After this, we merge “LifeExpIncome” with “Country” and then merge this
newly combined set with the reshaped “pop” set, creating a dataset
called “fin_data” (42705 observations and 15 variables). Finally, we
subset the data to focus only on data from the year 2000, resulting in
our “final_data” set (195 observations and 15 variables):
GGPlot
The scatter plot below shows the relationship between income, life
expectancy, and population size across different regions in the year
2000. Each point represents a country, with the size of the points
corresponding to the population size of that specific region. The
countries are color-coded for better visualization.
scatter_pop <- ggplot(final_data, aes(x = life.expectancy, y = income, color = region, size = population)) +
geom_point() +
labs(title = "Life Expectancy vs. Income per Region (2000)",
x = "Life Expectancy",
y = "Income",
size = "Population",
color = "Region")
scatter_pop
From the plot, we observe a slightly positive correlation between income
and life expectancy. It indicates that countries with higher incomes are
likely to have longer life expectancies. Additionally, countries in the
Americas and Asia tend to have larger populations, as indicated by the
larger point sizes. This also suggests that countries with higher
populations might have longer life expectancies. European countries
appear to have the longest life expectancies, with most of their points
on the far right side of the graph, although their populations are not
as large as those of other regions. Next, we subset the data to focus on
the year 2015, resulting in our “final_data” set (195 observations and
15 variables). Now, let’s examine the overall summary statistics for the
dataset “fin_data,” which includes data from all years, not just
2015.
## Get Data for Year 2015
final_data <- subset(fin_data, year =="X2015")
Plotly
The plot below shows the relationship between income, life
expectancy, and population size across different regions over several
years. Each point represents a country, with the size of the points
corresponding to the population size of that specific country. The
countries are color-coded by region for better visualization. To make
the plot more visually appealing, we’ve applied a transformation to the
population size using a logarithmic function. This transformation
compresses the range of population sizes, reducing the size of the
points and making the plot clearer and easier to interpret.
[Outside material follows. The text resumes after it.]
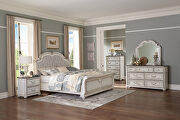 Antique white finish and gray button-tufted fabric upholstered headboard queen bed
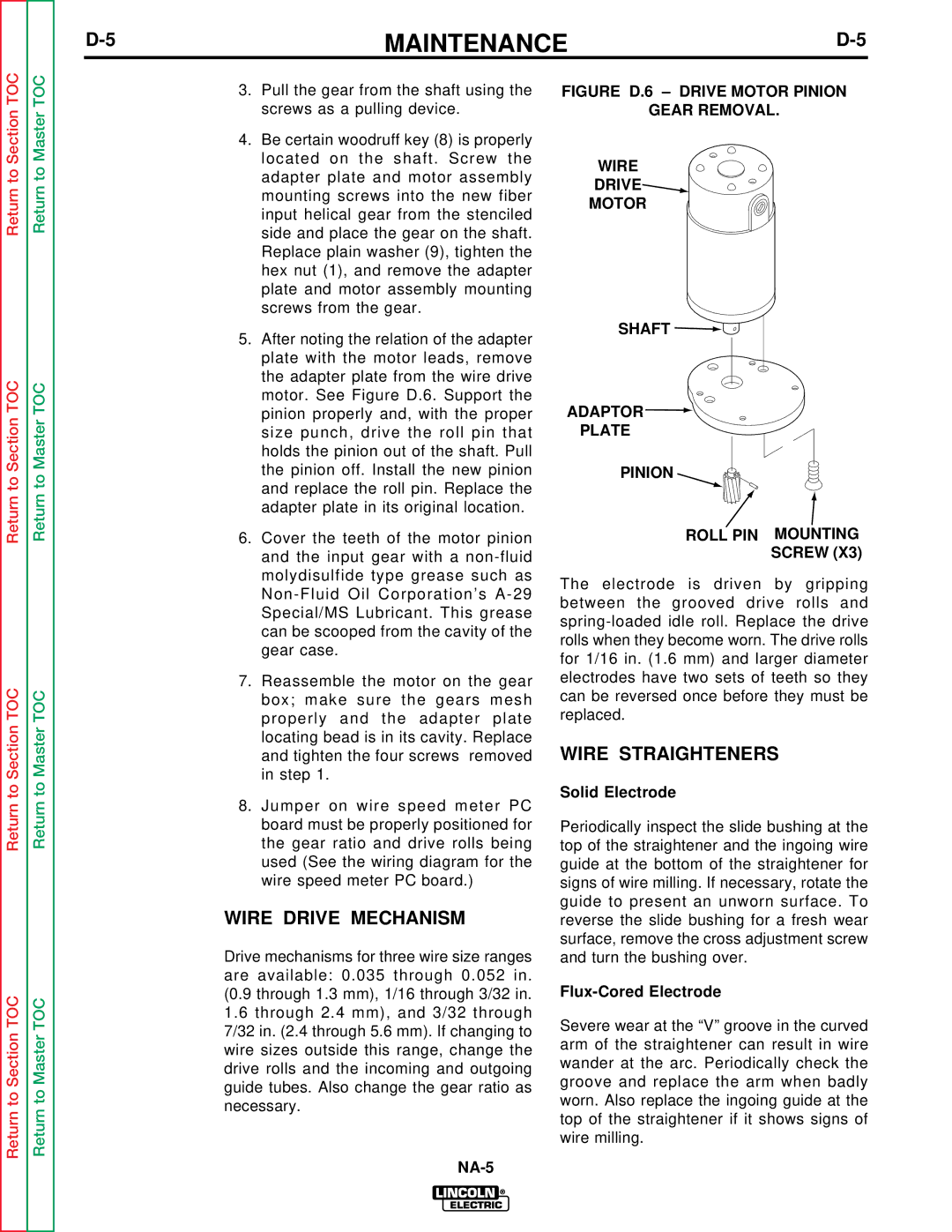 Lincoln Electric NA-5NF, NA-5SF Wire Drive Mechanism, Wire Straighteners, Solid Electrode, Flux-Cored Electrode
Additionally, the x-axis uses a logarithmic scale to better visualize
the wide range of income values. The plot is animated to show how these
relationships change over time, providing a dynamic view of global
trends in income, life expectancy, and population:
pal.IBM <- c("#332288", "#117733", "#0072B2","#D55E00", "#882255")
pal.IBM <- setNames(pal.IBM, c("Asia", "Europe", "Africa", "Americas", "Oceania"))
# Ensure no NA values in the region column
final_data <- final_data %>%
filter(!is.na(region)) # Remove rows with NA in the region column
# Filter data to remove NA values and convert year to numeric
final_data$year <- as.numeric(gsub("X", "", final_data$year))
final_data <- final_data %>%
filter(!is.na(life.expectancy) & !is.na(income) & !is.na(population))
fig <- final_data %>%
plot_ly(
x = ~income,
y = ~life.expectancy,
size = ~(2*log(population)-11)^2,
color = ~region,
colors = pal.IBM, # custom colors
frame = ~year, # the time variable to
text = ~paste("Country:", geo,
"<br>Region:", region,
"<br>Year:", year,
"<br>Life Expectancy:", life.expectancy,
"<br>Population:", population,
"<br>Income per Person:", income),
hoverinfo = "text",
type = 'scatter',
mode = 'markers'
)
fig <- fig %>% layout(
xaxis = list(
type = "log"
),
title = "Income vs. Life Expectancy Over Time",
xaxis = list(title = "Income per Person (Log Scale)"),
yaxis = list(title = "Life Expectancy")
)
fig
The x-axis represents the income levels for each country, with higher
incomes positioned further to the right. The y-axis represents life
expectancy, with higher life expectancies positioned higher on the axis.
From the plot, we can observe that some countries dominate the scatter
plot due to their larger population sizes and higher incomes. This
visualization allows us to analyze whether countries with higher incomes
generally have longer life expectancies. Additionally, we can examine
whether there is a correlation between population size and income
levels, helping to identify trends and patterns in the data.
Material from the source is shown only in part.